(Supplied information Opens)
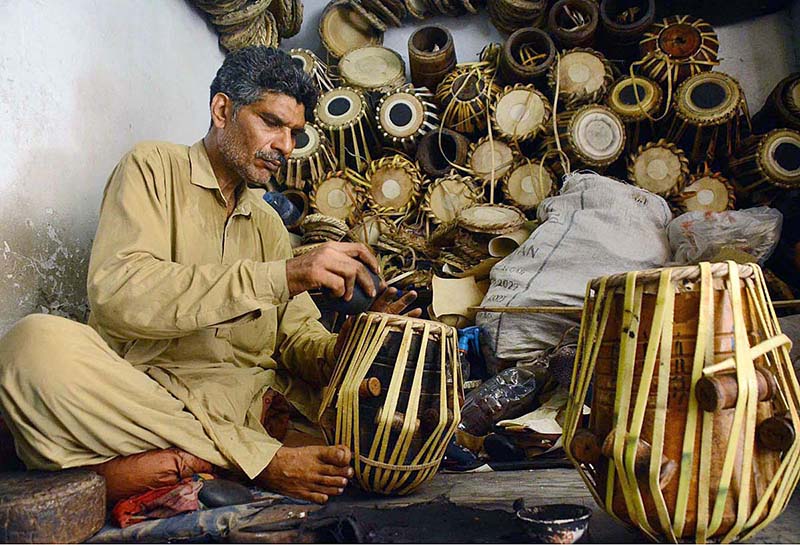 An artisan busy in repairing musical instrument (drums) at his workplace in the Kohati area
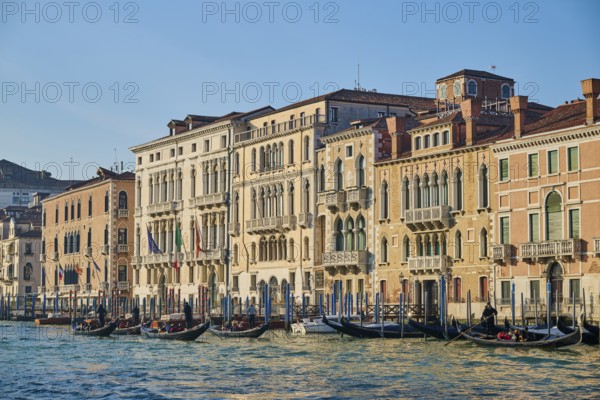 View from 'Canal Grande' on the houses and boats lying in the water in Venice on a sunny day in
(Supplied information Closes)
(Supplied information Opens)
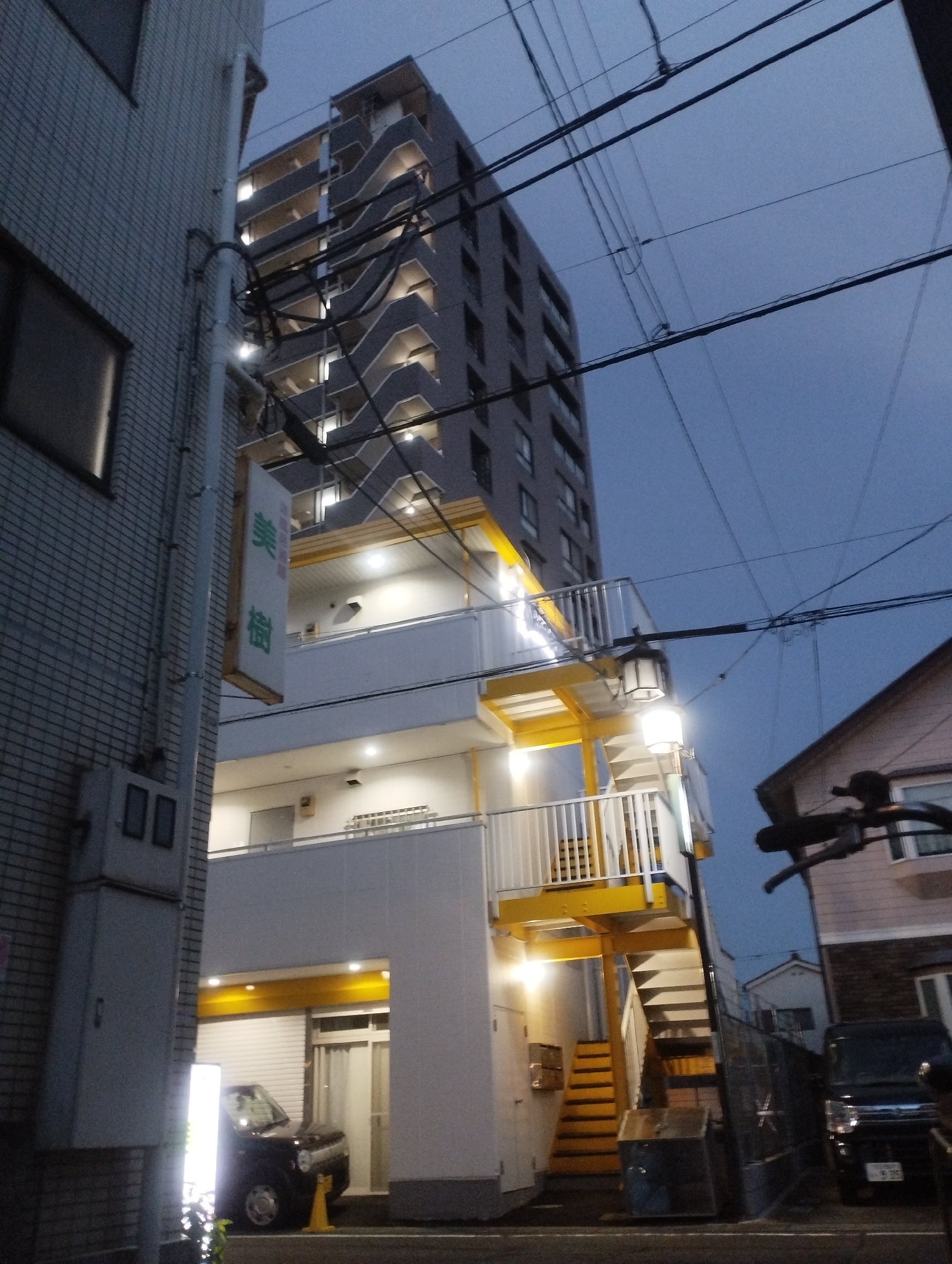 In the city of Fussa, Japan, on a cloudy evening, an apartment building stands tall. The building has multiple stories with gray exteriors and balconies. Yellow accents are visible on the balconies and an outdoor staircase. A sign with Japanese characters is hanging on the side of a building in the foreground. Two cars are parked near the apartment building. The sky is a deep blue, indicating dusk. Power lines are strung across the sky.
(Supplied information Closes)
__Requirement__
Reproduce the listing above only between the lines holding "An artisan busy" and "View from 'Canal", inclusive. Every line must match exactly, and pictures are dropped.

__Result below__
 An artisan busy in repairing musical instrument (drums) at his workplace in the Kohati area
 View from 'Canal Grande' on the houses and boats lying in the water in Venice on a sunny day in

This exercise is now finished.